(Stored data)
--- START ---
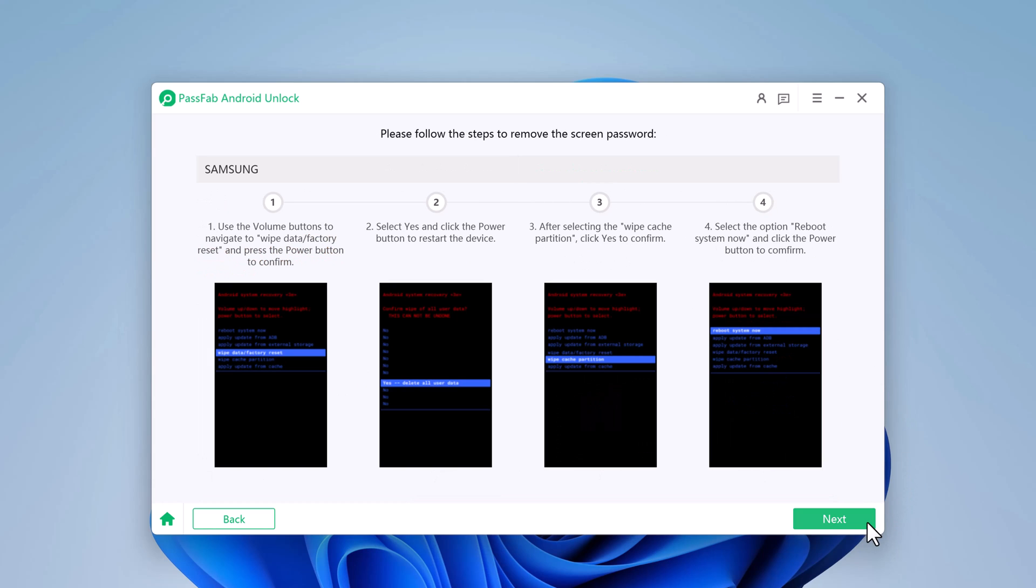Choose wipe data factory reset with volume button to select and use power button to confirm. Select yes and click power button to restart the device. After selecting the wipe cache partition, click yes to confirm. Then select the option reboot system now and click the power button to confirm.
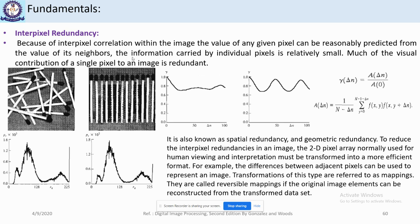The first image has more interpixel redundancy than the second because it shows repeating correlation patterns at 45 and 90 pixels apart. This type of redundancy is also called spatial redundancy or geometric redundancy.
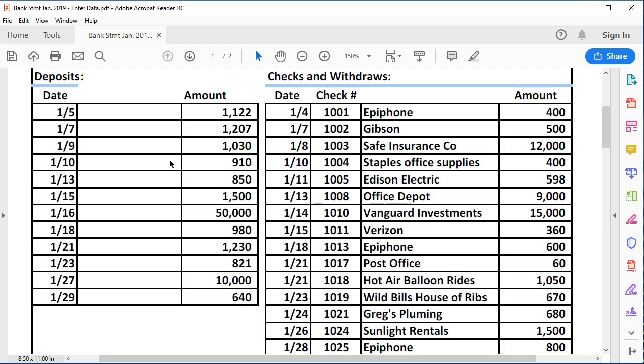What we don't know really is when we earned the revenue under an accrual method. Meaning did we earn the revenue before we did the work, at the same time, or after. Under an accrual method that would be necessary in order for us to make sure the deposit goes into the correct time period. Here we're not worrying about that. We're on more of a cash basis. We're just going to say it's a deposit, we assume it's for a customer, therefore the cash is going to go up and so will the related revenue.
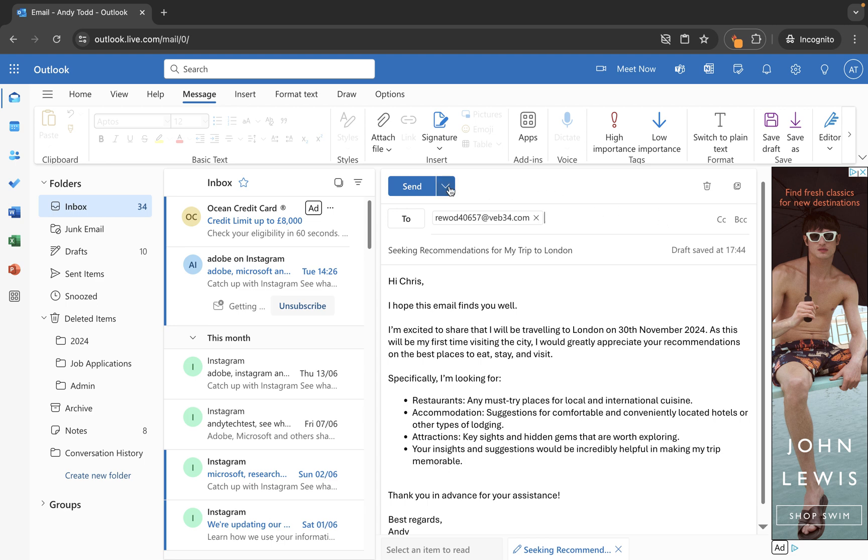So we'll click on this one here and then you'll see we can either send it immediately which is the same as clicking here or we can use the schedule send option. So I'm going to click on that one there.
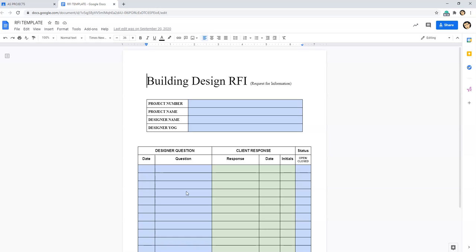So by putting our questions down on a request for information such as you see on your screen here, it allows not only us to keep a tab, us being designers, a tab of what we're asking for in terms of questions, but it also gives the client a response area so we can check things back and forth and make sure that all of our questions are being answered.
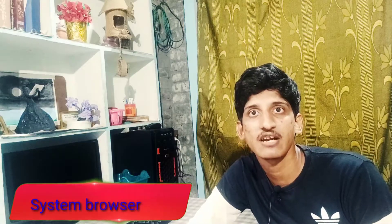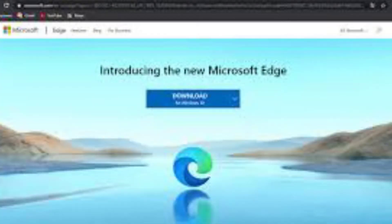Friends, the next tip is the system browser. We have to use the in-built Microsoft Edge browser for better battery backup. If we use Chrome instead, we have more battery consumption. So we should try to use the system browser, Microsoft Edge.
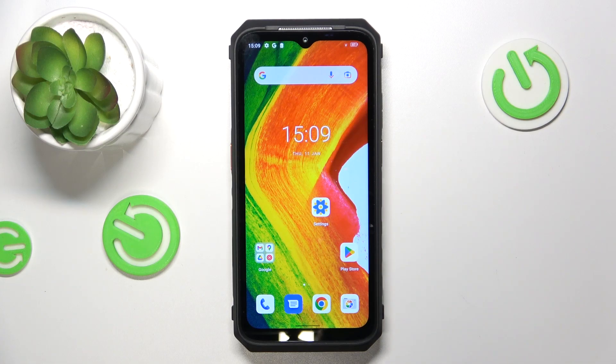Hello, in this video I will show you how to set up color ID announcements on Ulefone Power Armor 18.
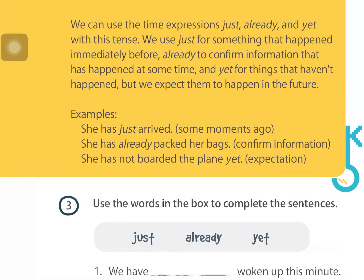'He has already packed her bags' — so you confirm your information with 'already.' 'She has not boarded the plane yet' — this is an expectation, something going to happen in the future. It's like when I say 'have you finished?' and you say 'not yet' — but it's going to happen in the future.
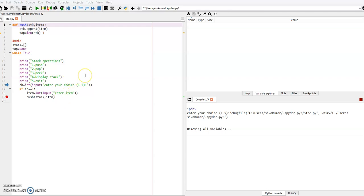I am going to demonstrate the stack implementation using a list concept. This program has been given in your book on page number 336. I have used the Spyder IDLE because I want to show you how the program is executing.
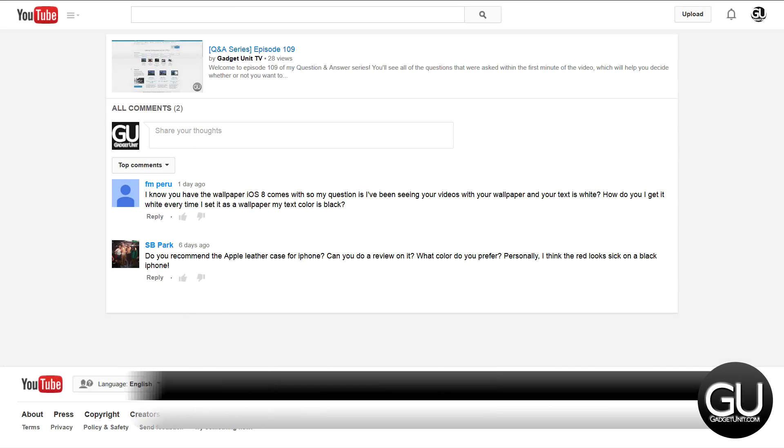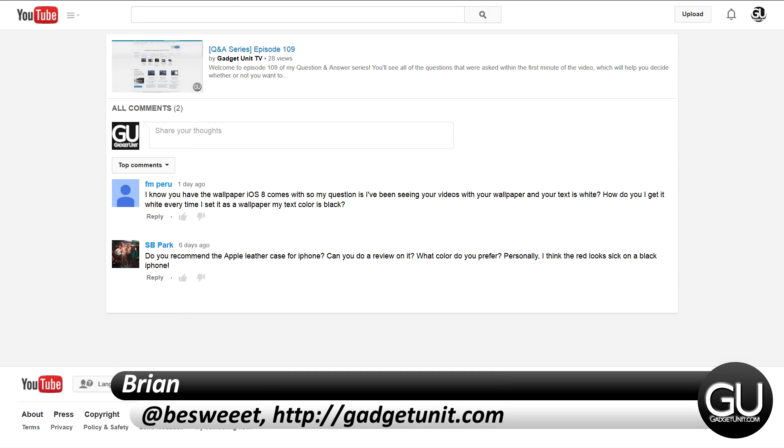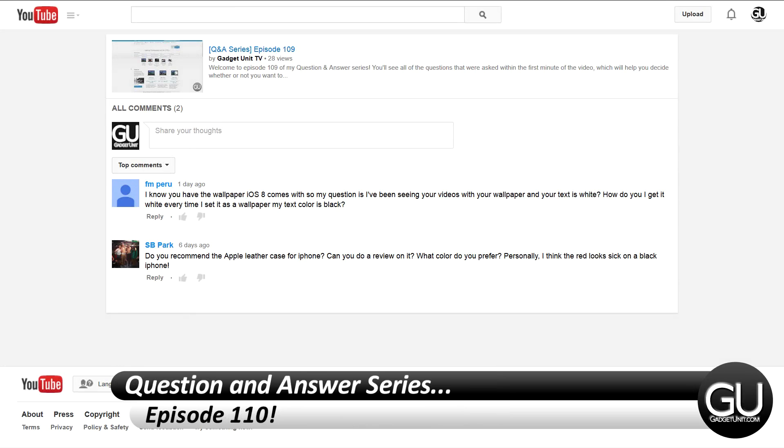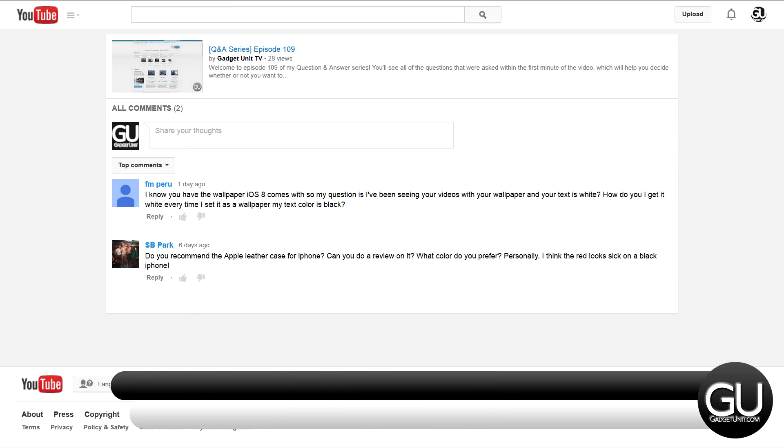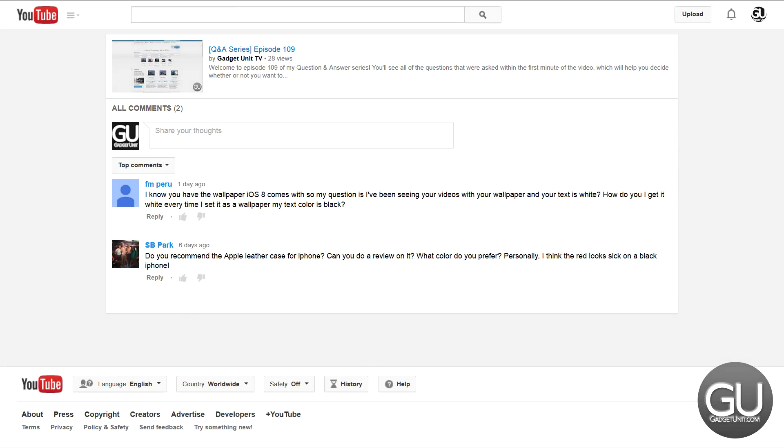Hello everybody, it's Brian for GadgetUnit.com and it's time for episode 110 of my question and answer series, so starting at the bottom with SB Park.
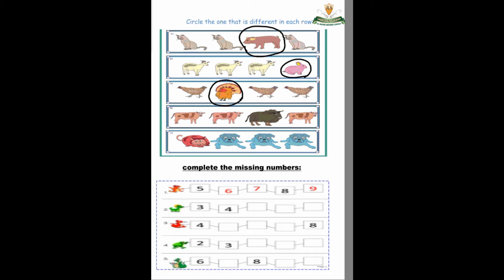Next figures: cow, cow, ox, cow. So which one is different? Yes — ox! Very good, make a circle.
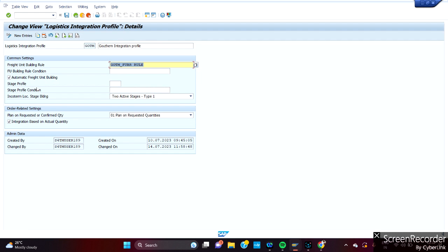Then there is one more thing: Automatic Freight Unit building. There is a checkbox. So what does it do actually? Automatic Freight Unit, when you create and activate this only, when you create a sales order, let me create it.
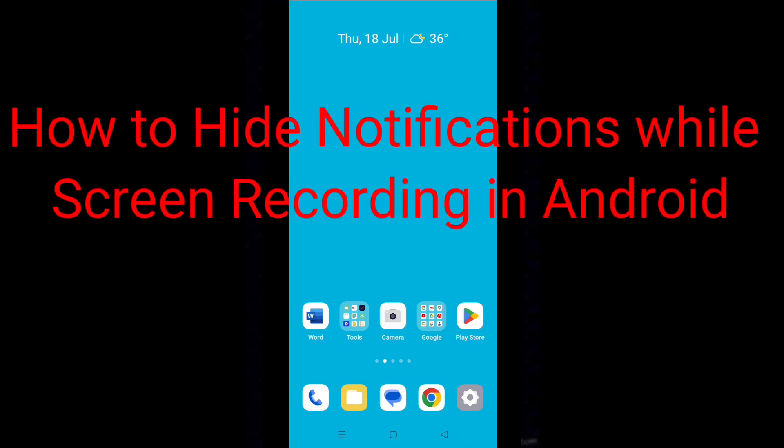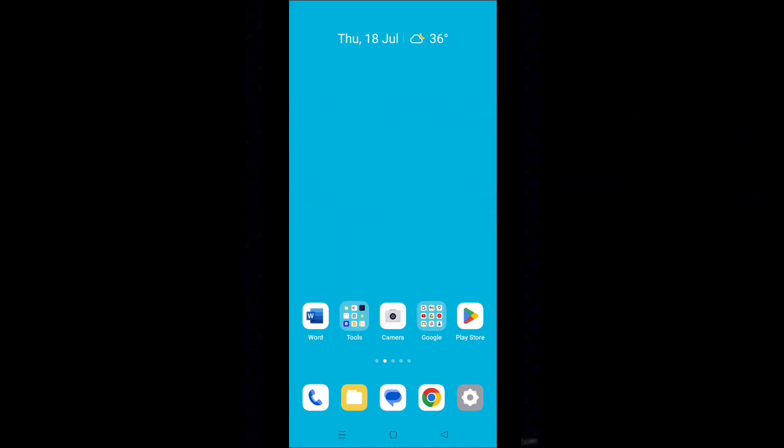Hello dear friends. How to hide notifications while screen recording in Android?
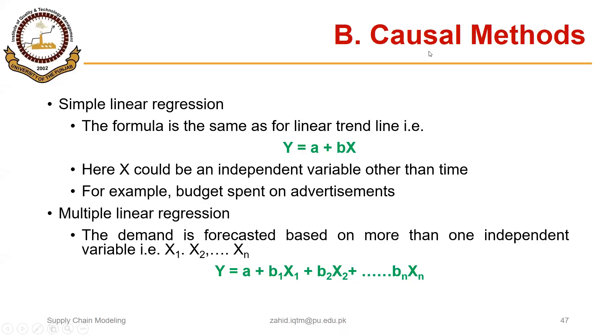In the previous segment, we discussed simple linear regression where we had one independent variable that was something other than time, and we used that independent variable to forecast demand for the future.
--- END ---
→ **Problem statement**:
Please print the lines above word for word, starting at the one with "What we don't" and ending at the one with "Next figures: cow, cow, ox, cow.", both included, and without any picture.

→ **Result**:
What we don't know really is when we earned the revenue under an accrual method. Meaning did we earn the revenue before we did the work, at the same time, or after. Under an accrual method that would be necessary in order for us to make sure the deposit goes into the correct time period. Here we're not worrying about that. We're on more of a cash basis. We're just going to say it's a deposit, we assume it's for a customer, therefore the cash is going to go up and so will the related revenue.
So we'll click on this one here and then you'll see we can either send it immediately which is the same as clicking here or we can use the schedule send option. So I'm going to click on that one there.
So by putting our questions down on a request for information such as you see on your screen here, it allows not only us to keep a tab, us being designers, a tab of what we're asking for in terms of questions, but it also gives the client a response area so we can check things back and forth and make sure that all of our questions are being answered.
Friends, the next tip is the system browser. We have to use the in-built Microsoft Edge browser for better battery backup. If we use Chrome instead, we have more battery consumption. So we should try to use the system browser, Microsoft Edge.
Hello, in this video I will show you how to set up color ID announcements on Ulefone Power Armor 18.
'He has already packed her bags' — so you confirm your information with 'already.' 'She has not boarded the plane yet' — this is an expectation, something going to happen in the future. It's like when I say 'have you finished?' and you say 'not yet' — but it's going to happen in the future.
I am going to demonstrate the stack implementation using a list concept. This program has been given in your book on page number 336. I have used the Spyder IDLE because I want to show you how the program is executing.
Hello everybody, it's Brian for GadgetUnit.com and it's time for episode 110 of my question and answer series, so starting at the bottom with SB Park.
Next figures: cow, cow, ox, cow. So which one is different? Yes — ox! Very good, make a circle.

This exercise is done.